スタンダードミサイル(SM-1)発射(バーズアウェイ)!」


 3隻から発せられた砲撃音に続いて、「しまかぜ」のスタンダードミサイル(Mk13 Mod4)単装発射機からも、艦対空ミサイルが発射される。それらは艦に迫って来る11騎の竜騎に向かって一直線に飛んで行く。


〜〜〜〜〜


ド ド ドン!


 海の上に轟く砲撃音が、リンドウをはじめとする竜騎士たちの鼓膜を刺激する。


「うわああ!」


「!?」


 今まで沈黙を保っていた砲が動きだし、そこから発射された砲弾は、ほぼ同時に飛んで来たスタンダード(SM-1)ミサイルと共に、4騎の竜騎を撃ち落として見せたのだ。


「・・・な!」


 敵の攻撃が変容したことに、リンドウは一瞬だけ驚きの表情を浮かべるが、すぐに顔色と視線を戻すと、1km先にまで近づいていた敵艦を睨み付ける。


ド ドン ドン ド ドン!


 不規則なリズムを奏でる艦砲に混じって、スタンダード(SM-1)ミサイルが発射される。それらはリンドウの周りを飛ぶ彼の部下たちを次々と落として行き、終いには残ったのは彼1人だけになってしまったのだ。

 しかし、敵艦に向けて一直線に飛び続けた彼は、ついに銀龍の火炎の有効射程距離まで、護衛艦「しまかぜ」に接近することに成功した。ここまで接近した目標に対して砲撃を行うと、砲弾が「しまかぜ」に被害を及ぼす可能性があった為、「かえで」「さわぎり」「じんつう」の3隻は一時的に砲撃を止め去るを得なかった。


「・・・火炎放射・・・用意!」


 銀龍の口が開く。そこには紅い光球が出現していた。


「・・・発射!」


 リンドウの叫び声と共に、マッハ0.2に迫る射出速度を誇る火炎放射が、「しまかぜ」の艦橋に向けて発射された。この時、最後の1騎となった竜騎部隊は、多大な犠牲を払いながらも、ついに日本の護衛艦に対して攻撃することに成功したのだった。


〜〜〜〜〜


旗艦「しまかぜ」 艦橋


 スタンダードミサイル(SM-1)による攻撃をくぐり抜け、ついに「しまかぜ」の懐まで侵入した龍から、艦橋に向けて火炎が発射された。


「退避!」

 

 その様相を見て、航海長の伊藤太助三等海佐/少佐は艦橋内の航海科員たちに艦橋からの退避命令を出す。隊員たちが避難行動を開始した直後、銀龍の火炎が艦橋に襲いかかった。高温の炎に絶えきれず、窓ガラスが徐々に融解し始める。

 

「早く逃げろ!」


 窓ガラスが解け切って穴が空こうものなら、押し当てられている火炎が艦橋の内部まで入って来る。火炎放射器を浴びせられる様なものだ。溜まったものではない。隊員たちが迅速に艦橋から避難していたその時・・・


「うわっ!」


 ついに窓ガラスに穴が空いてしまった。中に入って来た炎は、艦橋内にまだ残っていた伊藤三佐と航海員の坂本直太二等海曹/二等兵曹を瞬時に襲った。


「ああちっ!!」


 炎から身を守る為、伊藤三佐と坂本二曹は咄嗟に両腕で顔を覆いながら、艦橋の出入り口へと飛び込んだ。2人の脱出と同時に、先に避難していた隊員たちによってその扉が閉められる。


「早く、早く火を消して!」

「分かってます!」


 航海科の隊員たちは、飛び込んできた2人の衣類に着火していた炎を、ジャケットやコートで扇ぎながら必死に消火する。
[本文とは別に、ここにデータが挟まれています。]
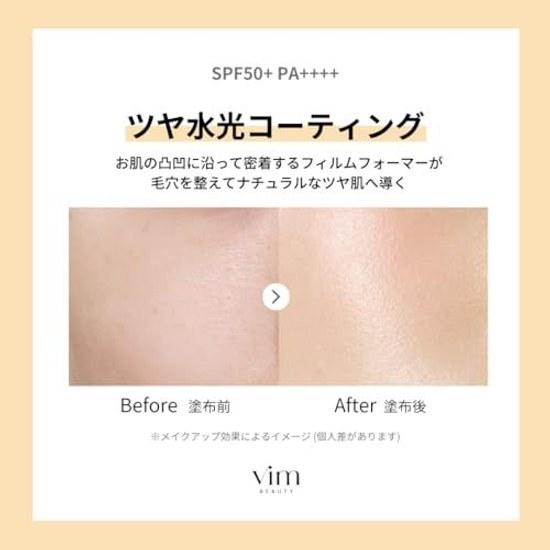 Vim BEAUTY Моя Уверенность Увлажняющий Праймер для Кожи Солнцезащитный База под Макияж УФ SPF50+ PA++++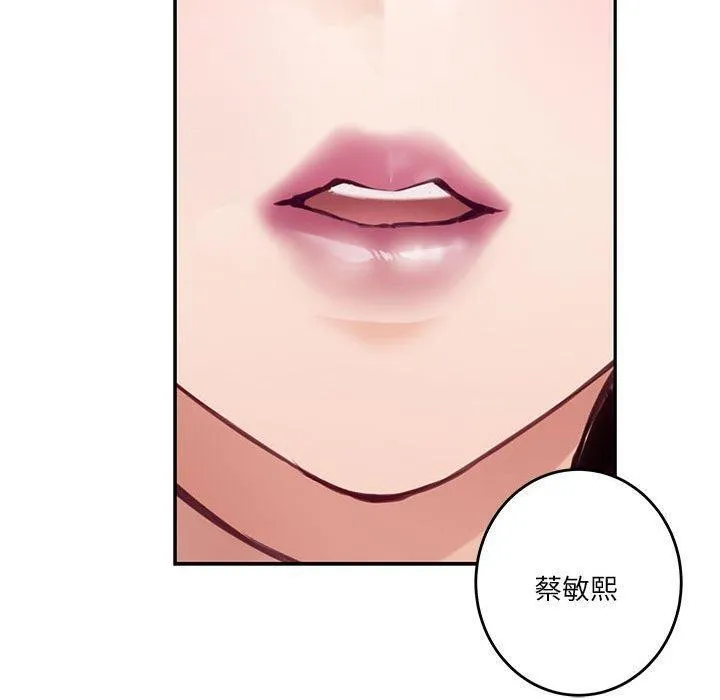 极乐之神第22話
 その後、重度の火傷を負うことになった2人は直ちに医務室へと運ばれた。


〜〜〜〜〜


 艦橋への攻撃を成功させたリンドウは、艦橋にぶつかる寸前に針路を変え、「しまかぜ」の右舷方向へと逃れる。攻撃成功の余韻も覚めやらぬまま、リンドウは第2射の体勢に入る。


「もう一発・・・!」


 更なる攻撃を与える為、銀龍の口が開く。今にも火炎が発射されそうになっていたその時、急にリンドウの意識が遠のいた。


(な、何が・・・起こった・・・?)


 彼は自分に何が起こったのかが分からなかった。訳も分からず海へと落ちて行く身体。ふと目の前を見れば、自らの右腕と思しき物体が飛んでいた。彼が乗っていた銀龍も、何かに食い破られたかの様な姿となって一緒に落ちていた。


(・・・こ、攻撃を受けたのか・・・不覚!)


 事ここに至って、彼は自身が攻撃を受けたことを悟る。程なくして彼は意識を失った。

 「しまかぜ」の後部両舷に位置する艦艇用近接防御(CIWS)火器システムである20mm機関砲のファランクスは、射程内に侵入してきた敵を捉え、毎分3,000発の連続射撃を浴びせたのだ。20mm弾によって身体を食い破られた1匹の龍と1人の竜騎士は、四肢を失って海へと落ちて行った。